Dark Big Bang: A mysterious twin to the traditional Big Bang

A team of scientists suggests that a mysterious "Dark Big Bang" may have occurred during the early evolution of the cosmos.

If true, that alternative Big Bang flooded the universe with gravity waves and dark matter particles, and we may be able to detect it today, according to the researchers behind the proposal.

It might also finally help to solve the mystery of dark matter, which is thought to make up the vast majority of the mass in the cosmos but has remained elusive ever since it was first proposed.

An alternative Big Bang

Though early cosmological models explain a great deal about the earliest evolution of the universe, we do not understand the mysterious substance known as dark matter, which is thought to make up the majority of the mass in the known universe.

Big Bang models typically assume that the same process that lead to the early rapid expansion of the universe also led to the proliferation of dark matter throughout the cosmos.

Now though, a team of scientists has proposed a radical new idea in a paper available in preprint server arXiv. They suggest that the Big Bang was not an isolated event and that it had a mysterious dark twin: the Dark Big Bang. This would mean that dark matter evolved over a completely separate trajectory to the rest of the universe.

In their new paper and according to Universe Today, the researchers suggest that a quantum field remained after the traditional Big Bang that did not decay away. After the universe began to expand and cool, however, that extra quantum field eventually transformed and triggered the formation of dark matter.

The Dark Big Bang may have left behind a detectable signature

The advantage of that new proposal is that we would not need to amend any standard existing models of Big Bang Nucleosynthesis to explain dark matter.

The new proposal may also help to explore and ultimately validate theoretical models of dark matter, as it makes it easier to track calculations that impact the Dark Big Bang model.
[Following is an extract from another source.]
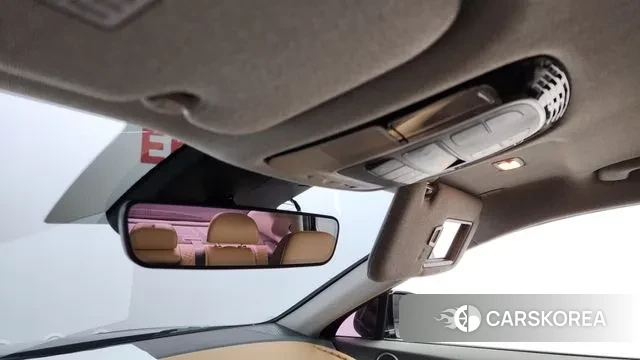 Hyundai Sonata (DN8) id 3641160 из Кореи 11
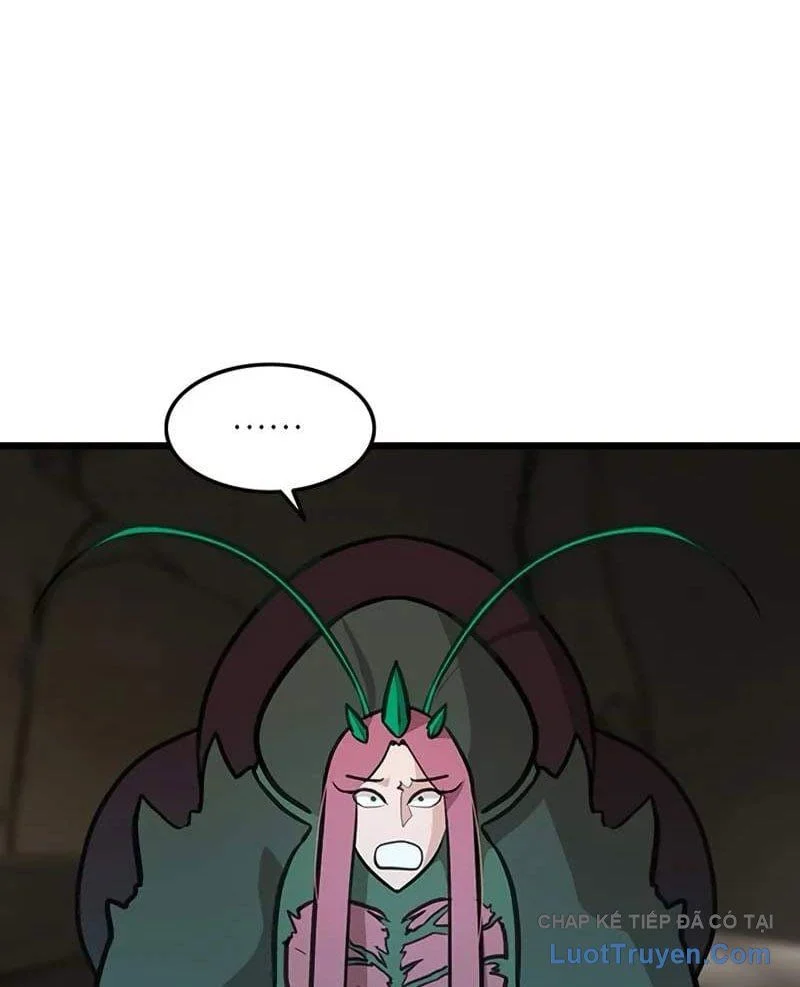 Tôi Trở Thành Chồng Của Giáo Chủ Ma Giáo Chapter 42 - Trang 2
In one example, the team was able to determine that, if there was a Dark Big Bang, it would have had to occur within the first month of our universe.

Based on their analysis, they also believe that a Dark Big Bang would have released a unique signature of strong gravitational waves that should still be detectable in the present-day universe.

As such, experiments today, such as pulsar timing arrays, could be used to help prove whether a Dark Big Bang did take place at all, or if it can go on the growing list of ambitious theories that look to explain the most prominent, but also most mysterious matter in the universe.